'Pillion': Always on the Back Seat
Harry Lighton's debut feature, based on Adam Mars-Jones's short story "Box Hill," follows Colin (Harry Melling), a 35-year-old traffic warden who still lives with his parents. He enters an intense BDSM relationship with Ray (Alexander Skarsgård), a motorcycle-riding dominant who sets strict rules and expects obedience. The film, which has been nominated for three BAFTAs, including Adapted Screenplay, Outstanding British Film, and Outstanding Debut, shows this world with real understanding and avoids sensationalism. Still, despite its careful observation, something about the film doesn't quite work.

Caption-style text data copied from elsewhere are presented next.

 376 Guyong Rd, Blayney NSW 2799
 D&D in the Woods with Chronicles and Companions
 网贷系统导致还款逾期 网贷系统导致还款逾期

Colin is passive from the first frame. His mother arranges his dates. His father drives him places. His job involves following rules someone else made. When Ray appears - impossibly handsome, radiating authority - Colin doesn't pursue him so much as make himself available to be collected. This is psychologically recognisable; plenty of people seek identity through others rather than building their own. But recognisable isn't the same as dramatically compelling. We watch Colin shave his head, wear a collar, and learn to cook omelettes to Ray's specifications. These feel like costume changes rather than character development. The Colin who approaches a new dominant man, Darren (Anthony Welsh), at a football pitch in the final scenes seems functionally identical to the Colin who fumbled through his awkward date in the opening.

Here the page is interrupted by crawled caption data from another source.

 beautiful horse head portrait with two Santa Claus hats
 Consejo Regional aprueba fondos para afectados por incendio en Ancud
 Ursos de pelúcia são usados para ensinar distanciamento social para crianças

The Ray/Colin dynamic is rendered with uncomfortable honesty - the boot-licking, the sleeping on the floor, the rationed affection. Alexander Skarsgård plays Ray as genuinely unknowable, his "discretion" creating real mystery. But mystery in a lover differs from mystery in a dramatic catalyst. For Colin to grow, Ray would need to demand something beyond compliance: an opinion, a preference, a moment of genuine will. Instead, Ray's rules create a comfortable cage, and Colin adapts to captivity rather than fighting it. The single moment of rebellion - stealing Ray's motorcycle - is electrifying precisely because Colin finally does something. But watch how quickly the film retreats: he loses his nerve at the traffic lights, makes a cautious U-turn, and returns "well within the speed limit." The screenplay gives Colin wings, then immediately clips them.

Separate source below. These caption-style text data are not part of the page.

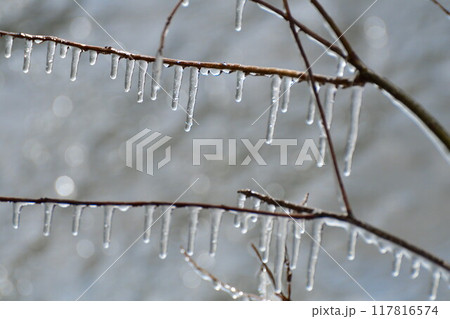 しぶき氷（福島県） 117816574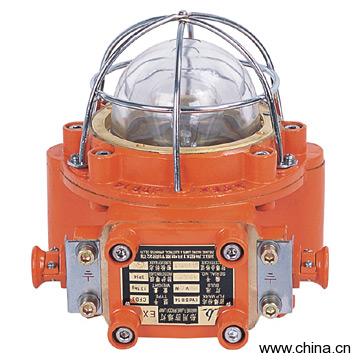 Explosion Proof Light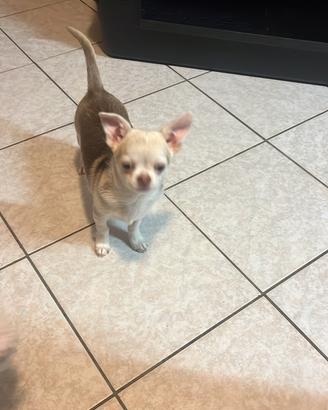 Chihuahua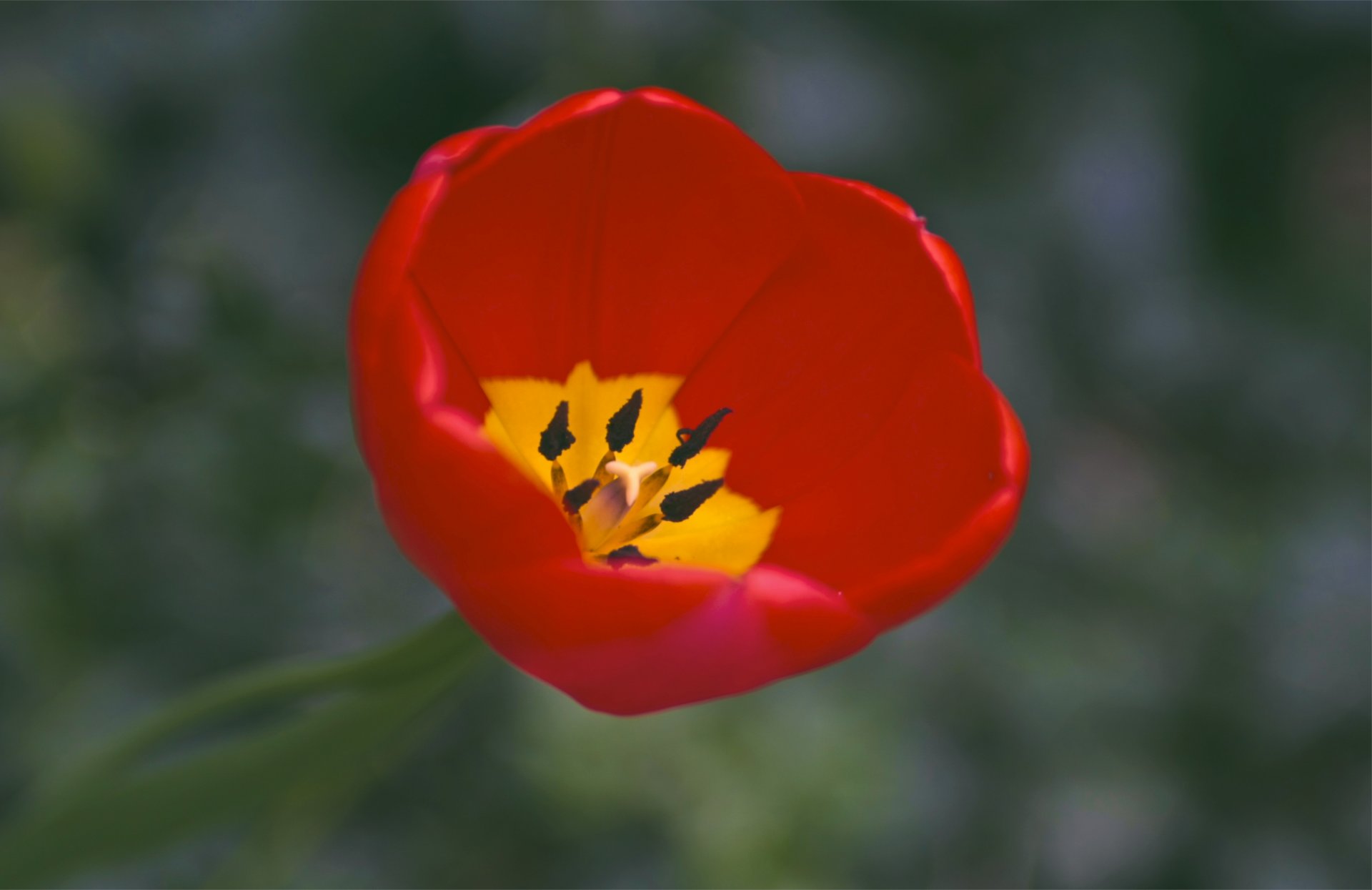 tulip red yellow petals one red one macro focu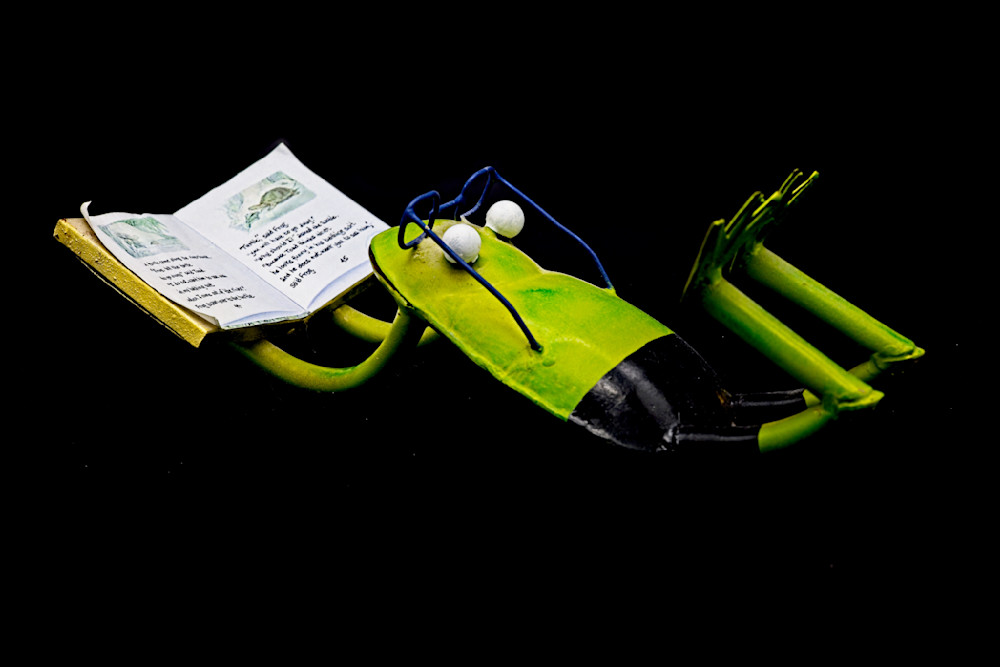 Frog Reading Photography Art | Fred Pais Photography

Colin's mother, Peggy (Lesley Sharp), sees Ray clearly. "He won't make you happy," she tells her son. Her directness at the disastrous family dinner - calling Ray a "cunt" to his face - is bracingly honest. And she's dying, which should lend her words the weight of a final testament. Yet Colin hears without listening. After her funeral, he asks Ray if love might eventually come. When Ray confirms it won't ("I think love's a Disney concept. But I like having you around. I like you a lot sometimes"), Colin simply... accepts this. Nods. Continues. A dying mother's warning should penetrate defences. Here, it bounces off.
The film takes its time establishing Colin's submersion into Ray's world - the rituals, the biker gatherings, the hierarchy of pillions and their masters. This section has texture and authenticity. But when the crisis arrives (Ray's abrupt disappearance), the resolution feels rushed. Colin searches, gives up, writes a dating profile ("your wish is my command"), and meets Darren. We're asked to accept this as an ending when it feels like a restart. The problem isn't the lack of a happy conclusion - plenty of strong films end in ambiguity. The problem is that nothing has accumulated. Colin hasn't gained insight or shed illusions. He's simply found a new dominant man to orbit. His one stated boundary - "I require one day off a week" - reads less like growth than contract negotiation.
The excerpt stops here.